- Location: Wasco County, Oregon, United States
- Coordinates: 45°14′34″N 121°17′27″W﻿ / ﻿45.24278°N 121.29083°W
- Type: Mesotrophic reservoir
- Catchment area: 4.5 square miles (12 km^{2})
- Basin countries: United States
- Surface area: 227.1 acres (91.9 ha)
- Average depth: 21 feet (6.4 m)
- Max. depth: 60 feet (18 m)
- Water volume: 4,800 acre-feet (5,900,000 m^{3})
- Shore length^{1}: 3.2 miles (5.1 km)
- Surface elevation: 1,831 feet (558 m)

= Pine Hollow Reservoir =

Pine Hollow Reservoir is an impoundment of water from Threemile and Pine Hollow creeks on the east flank of the Cascade Range in Wasco County, Oregon, United States. The reservoir, created in the 1960s to provide water for Errol Davis mint fields, lies on private land about 12 mi west-northwest of Maupin near the boundary of the Mount Hood National Forest. Public access and fishing are permitted along most of the 3.2 mi shoreline of the reservoir.

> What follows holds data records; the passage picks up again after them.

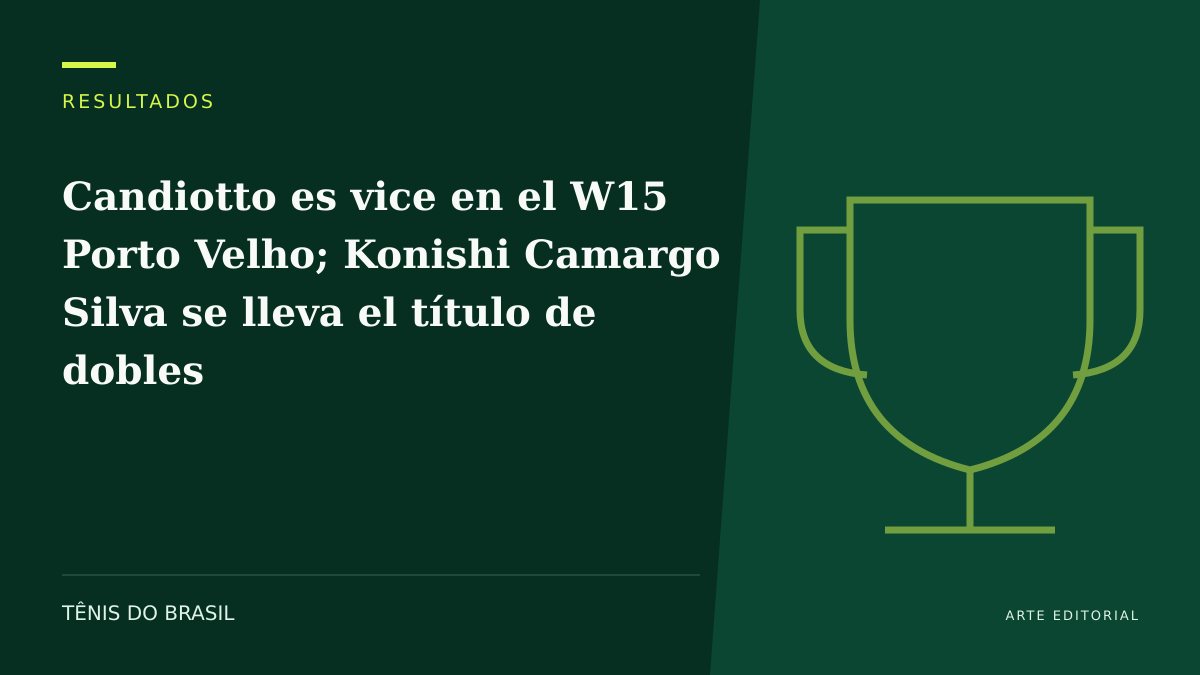 ARTE EDITORIAL — Candiotto es vice en el W15 Porto Velho; Konishi Camargo Silva se lleva el título de dobles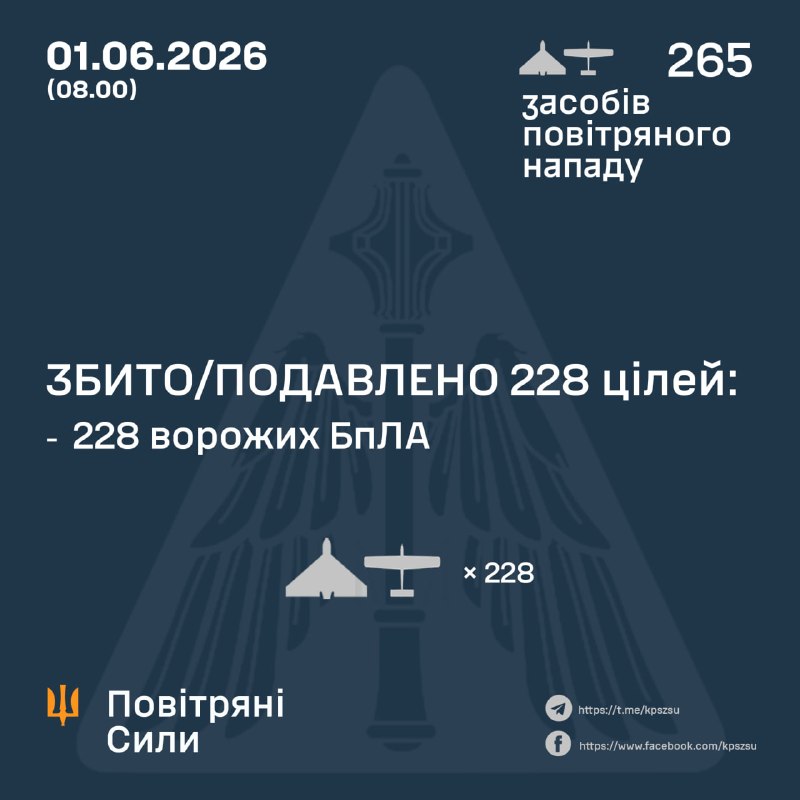 La Russie a lancé 265 drones de combat dans la nuit, selon l'armée de l'air ukrainienne.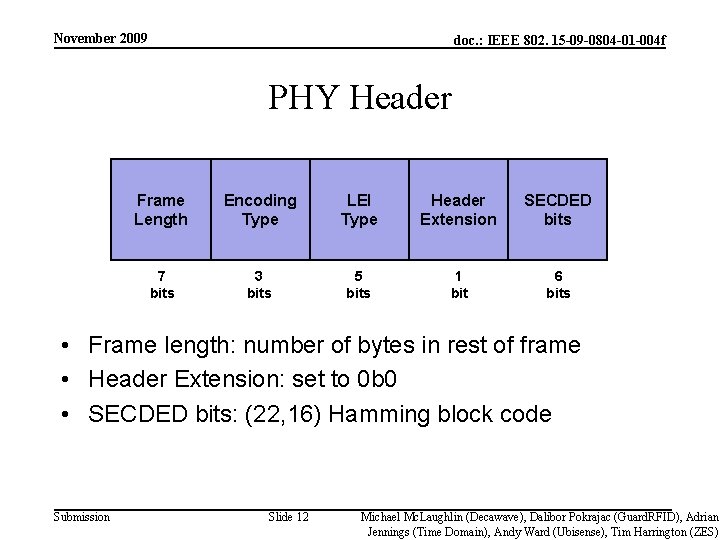 November 2009 doc. : IEEE 802. 15 -09 -0804 -01 -004 f PHY Header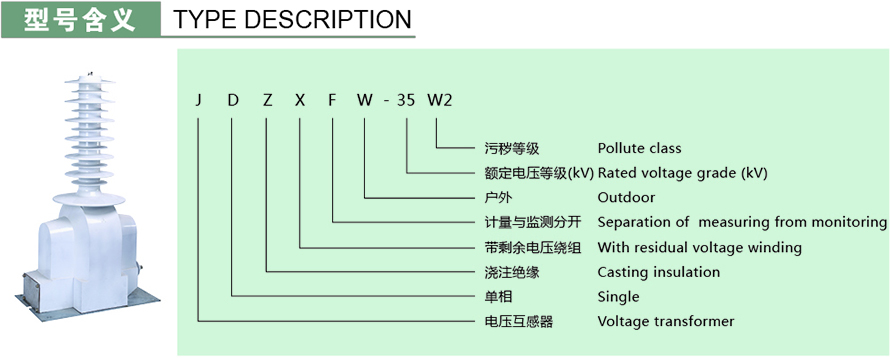 JDZXFW-35W2型电压互感器型号说明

Managed jointly by the Oregon Department of Fish and Wildlife (ODFW) and the irrigation district, the reservoir is adjacent to year-round and vacation homes, a census-designated place called Pine Hollow, but is accessible to the public via a 10 ft easement bought by the ODFW. The lake has two public boat ramps and a private resort with a campground, boat rentals, and a general store. Fish species that thrive in the reservoir include rainbow trout, brown bullheads, largemouth bass, and bluegills.